63. A library of constructs comprising a plurality of barcoded probes, wherein each barcoded probe comprises:

a targeting sequence that is a region of interest on a nucleotide;

at least one initiator sequence;

two DNA amplifiers, wherein each DNA amplifier comprises a readout sequence; and

an emissive readout probe, wherein each emissive readout probe comprises a label and a sequence complimentary to the readout sequence of a corresponding DNA amplifier.

wherein at least two barcoded probes of the plurality of barcoded probes include targeting sequences that is specific to different regions of interest.

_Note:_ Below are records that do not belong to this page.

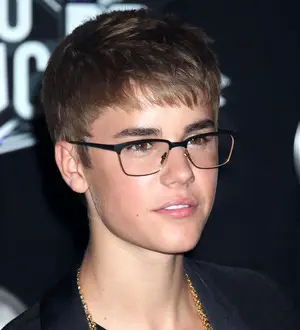 Justin Bieber involved in minor car crash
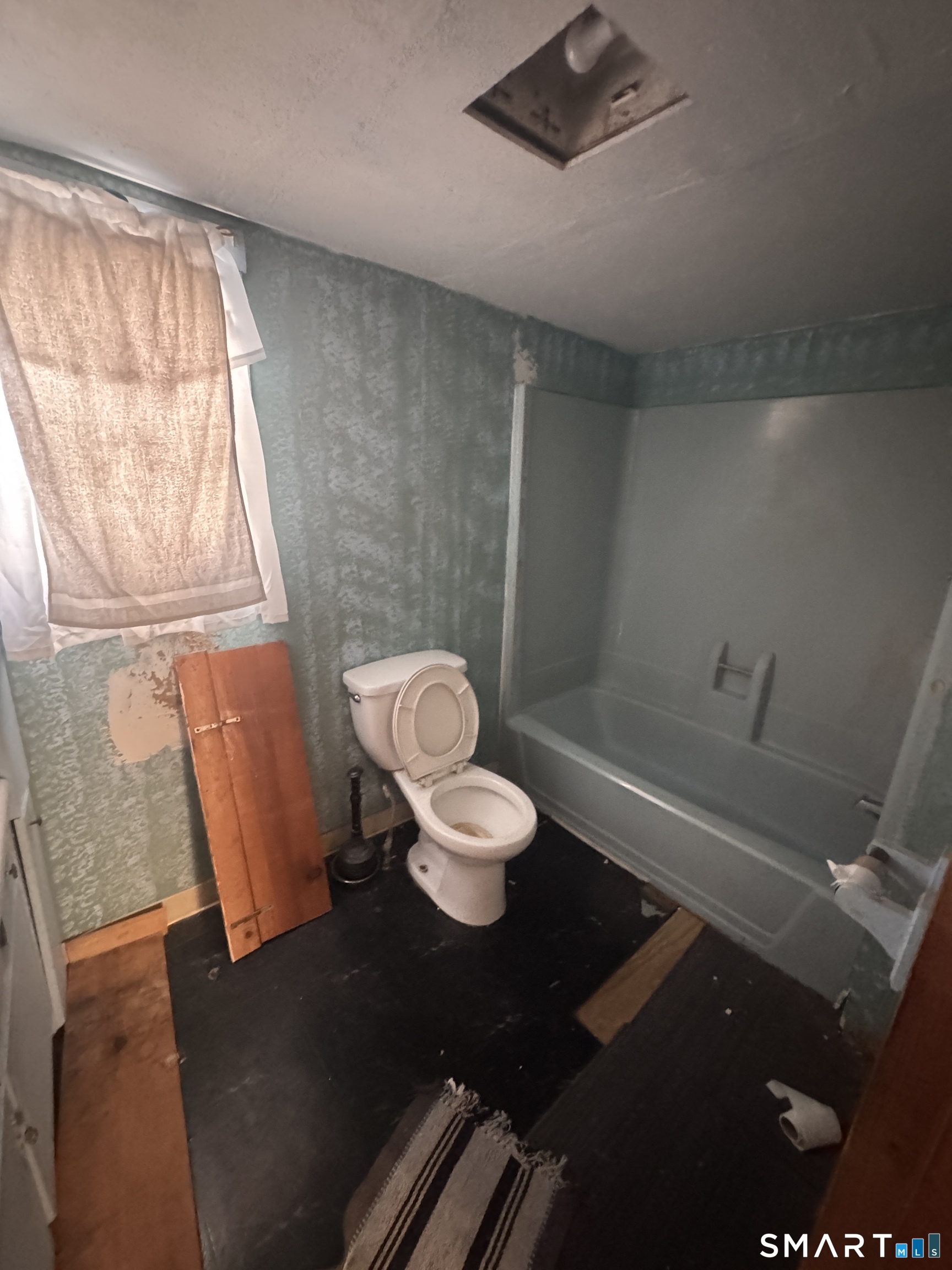 20 Alden Avenue Enfield CT 06082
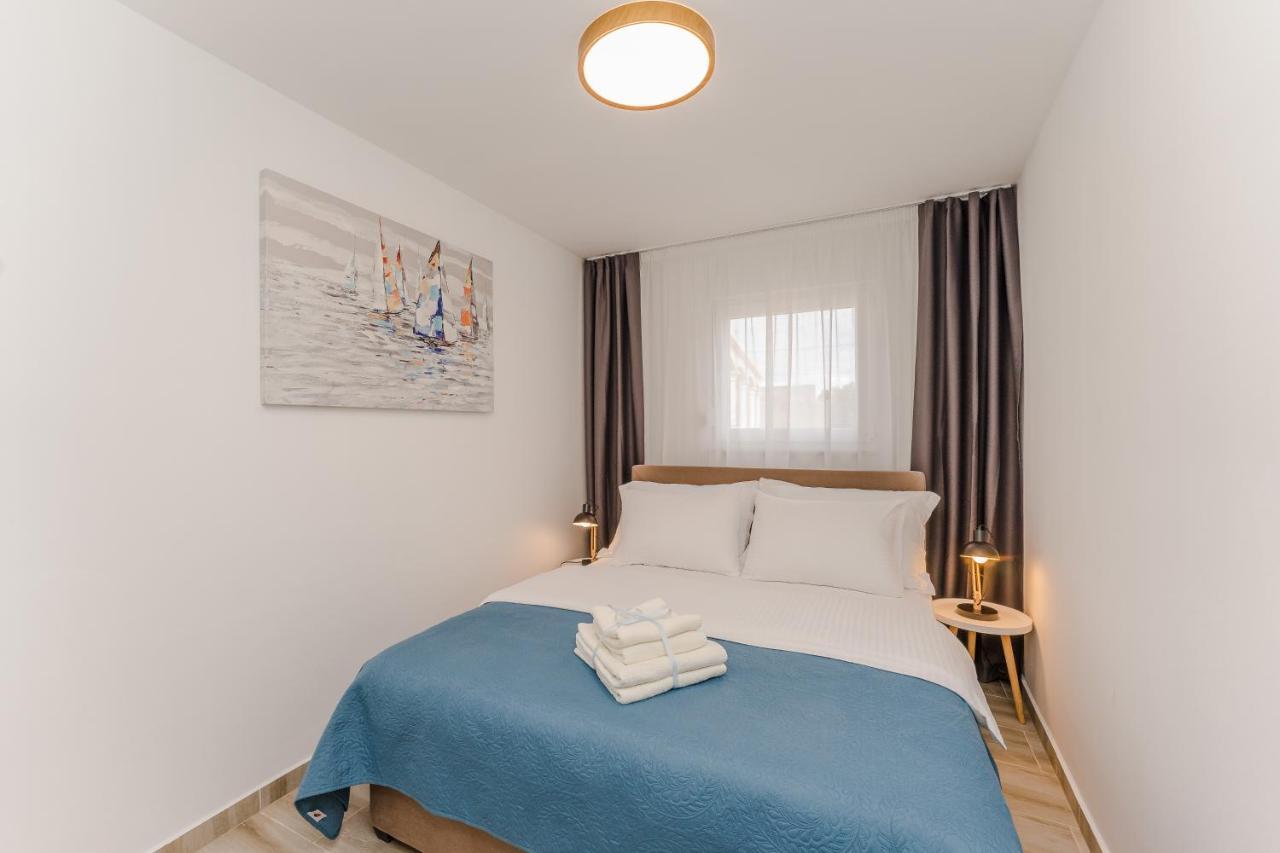 Apartmani Dmarie Privlaka  Eksteriør billede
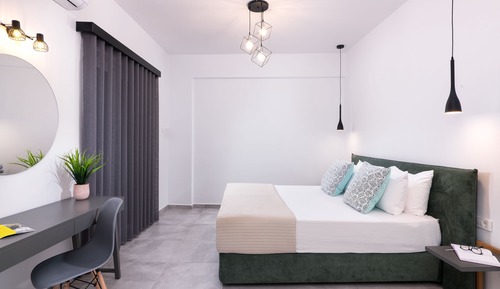 Apartamento superior, balcón, vistas a la ciudad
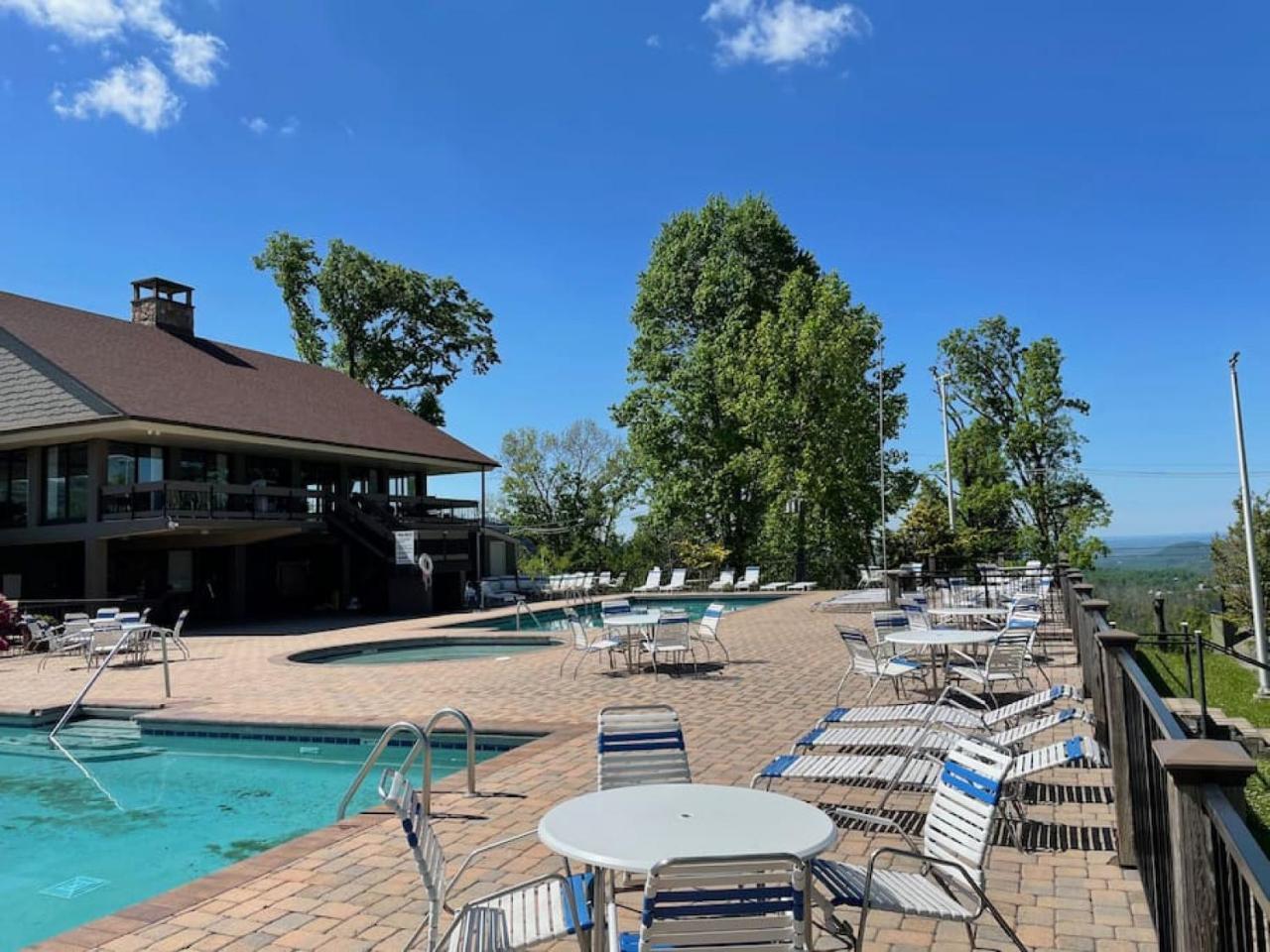 Take it Easy with hot tub and community pool - photo 28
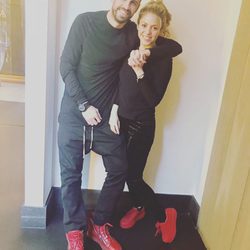 Shakira y gerard Piqué vestidos igual de rojo y negro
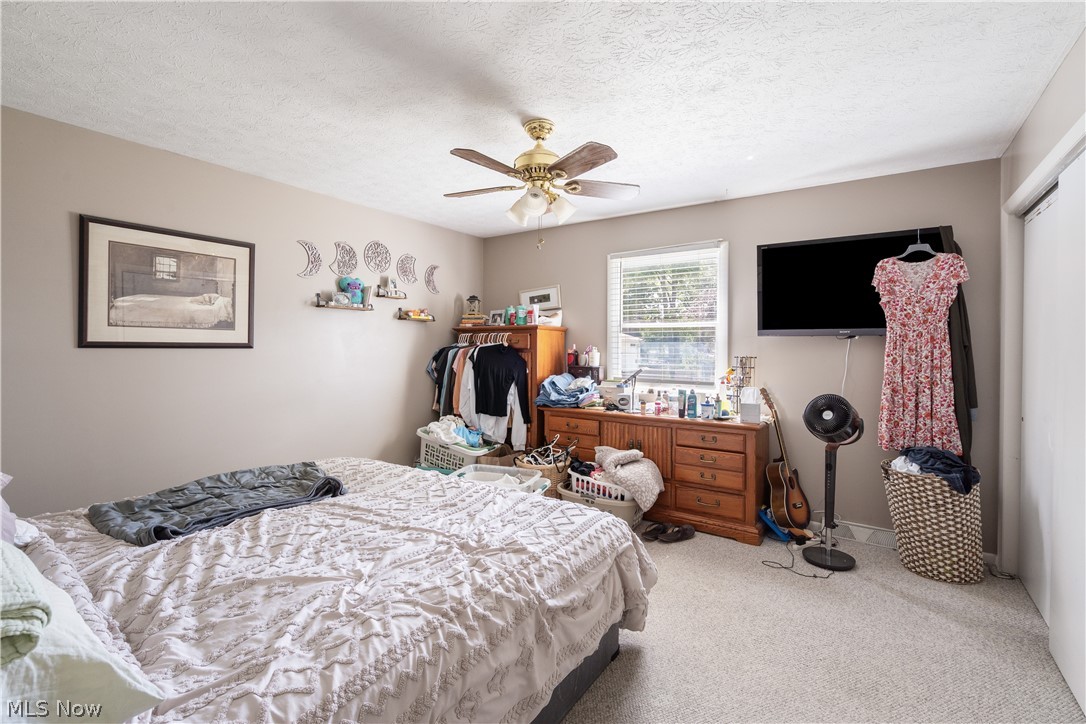 457 S Colonial Drive Cortland OH 44410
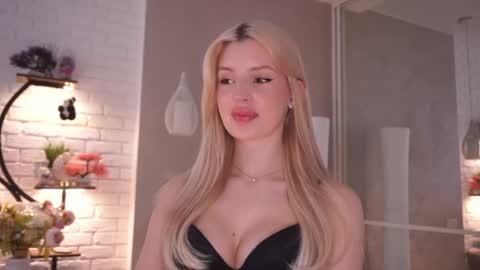 Grace online show from 04/22/26, 06:49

64. A library of constructs comprising a plurality of barcoded probes, wherein each barcoded probe comprises:

a targeting sequence that is a region of interest on a nucleotide;

a first initiator sequence;

a first and a second DNA amplifier, wherein each first and second DNA amplifier comprises a second initiator sequence

a third and a fourth DNA amplifier, wherein each third and fourth DNA amplifier comprises a readout sequence; and

an emissive readout probe, wherein each emissive readout probe comprises a label and a sequence complimentary to the readout sequence of a corresponding third and/or fourth DNA amplifier;

wherein at least two barcoded probes of the plurality of barcoded probes include targeting sequences that are specific to different regions of interest.